The National Informatics Centre and its team of volunteers managed to roll out the app in just 15 days (supporting 50 million downloads in just 13 days) by relying on great volunteers (and tools). One of the volunteers, Vikalp Sahni, co-founder and chief technology officer of Goibibo and Aarogya Setu project volunteer, tells us how he and his team managed to create one of the first contact tracing apps to be rolled out globally that has since been used to identify over 3,000 COVID-19 hotspots.
Vikalp also shares with us the steps that the Indian tech community and the Government of India took to reach the scale of 140 million+ downloads.
Some edited excerpts from an interview:
What were some of the design and architecture principles that were kept in mind before the team started working on the Aarogya Setu App?
We ensured that we used incredibly simplistic microservices architecture at the backend. We leveraged a high-performance NoSQL (highly distributed) database to take the workload of millions of hits coming on to us at scale. These are super simple operations to ensure scalability at a 99%ile response time of less than 100ms. At the frontend, we took a hybrid approach. We ensured we used native components as well as WebViews to make an extraordinarily scalable and iterative solution.
What were the biggest challenges to this project?
Scalability and security were the two biggest tech challenges. We did reach 50 million citizens in 13 days, and on a single day, close to 14 million citizens downloaded the Aarogya Setu app. Scaling services at that level was a great tech challenge, and teams were always busy to pre-empt the load and innovate not to face any downtime or performance glitches. Fortunately, we did pass the scale challenge quite effectively.
Security was another big challenge that we faced. Many hackers tried to breach the application security, and privacy features were constantly being questioned. We saw many attempts, ethical and unethical, to breach into services / reverse engineer. We successfully circumvented all of these as the team took the right measures and thought through these vulnerabilities while developing.

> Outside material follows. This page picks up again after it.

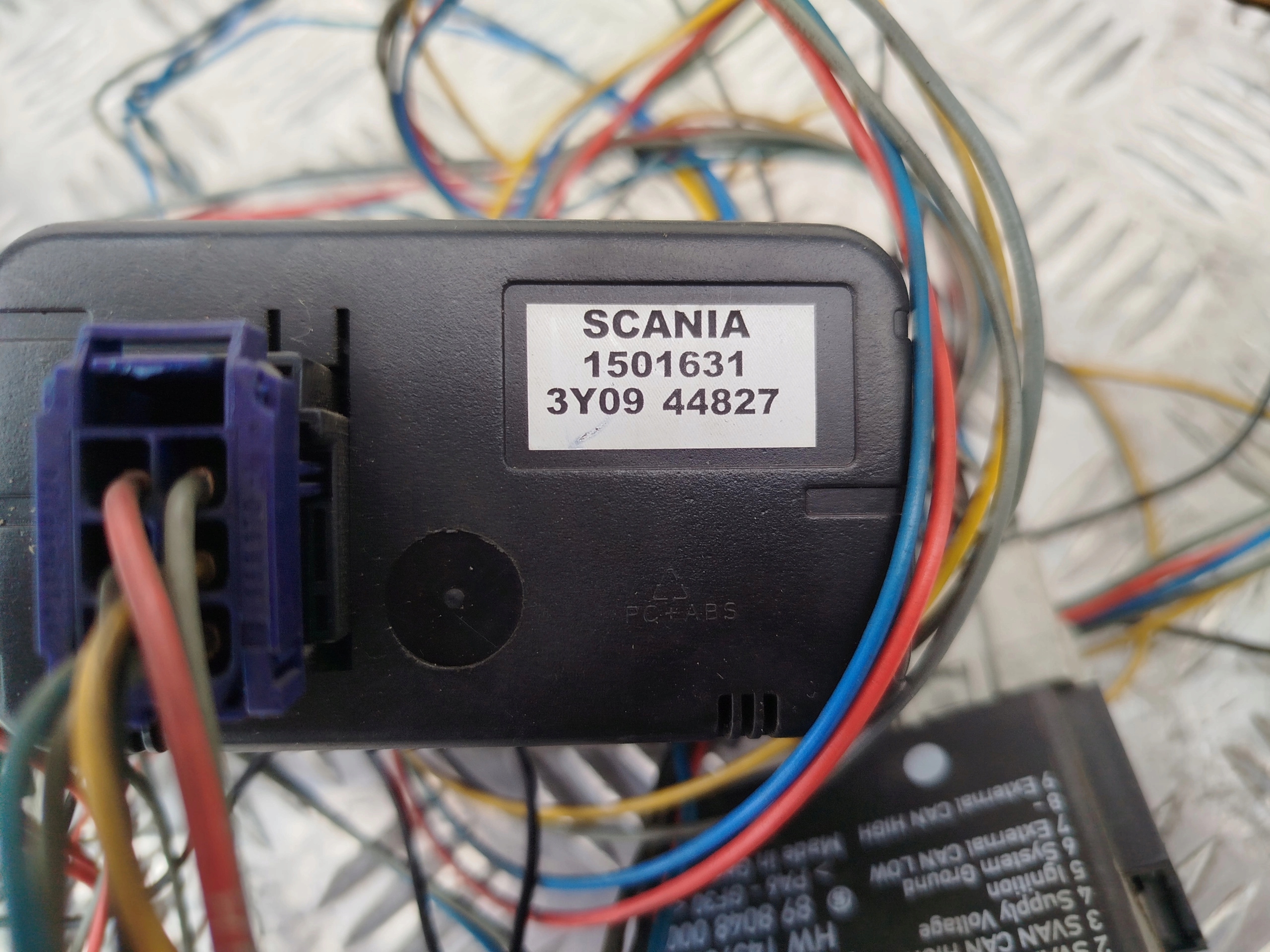 WYŚWIETLACZ KOMPUTERA PANEL SCANIA 4 - obrazek 4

Can you elaborate on the key steps that the Indian tech community and the Government of India took to reach the scale of 140 million+ downloads
The Government of India helped massively by creating a large scale campaign across India. Even our Honorable Prime Minister Narendra Modi reached out to citizens to download the app. The government also reached out to the various private and public establishments for help in increasing the reach of contact tracing through Aarogya Setu. Without the marketing efforts of the Government of India, this kind of growth and success would not have been possible.

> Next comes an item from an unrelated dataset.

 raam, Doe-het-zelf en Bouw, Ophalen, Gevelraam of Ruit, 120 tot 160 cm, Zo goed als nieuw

How using the right technology enabled the team to meet a surge in demand (at one point, the contact tracing app recorded seven million server requests in just one minute)
As mentioned, the choice of tech and the right architecture proved pivotal. We stuck to our philosophy of keeping services simple & leveraging local mobile devices to store private contact tracing data. Furthermore, we ensured we had the right DevOps practices to handle auto-scale up and down when more resources were required, and to facilitate the same, we did leverage serverless design and a containerization approach. Partners such as AWS and New Relic helped us in ensuring we pre-empted the bottlenecks at early stages to scale.
What are some of the lessons for developers from building an app that is massively scalable?
1. Keep the user services extremely simple & performant, and move all the complexity to backend async processes.
2. Ensure an architecture that is quick to scale up and scale down, hence Container First & Serverless deployment approach.
3. Frontend is a big area of a bottleneck when it comes to quick rollouts. Leverage the right balance between native and web components within the app and create a configurable frontend.
4. Mobile is a fat client & apps can do a lot, hence leverage the client-side tech efficiently to distribute some of the load that otherwise would have come to servers.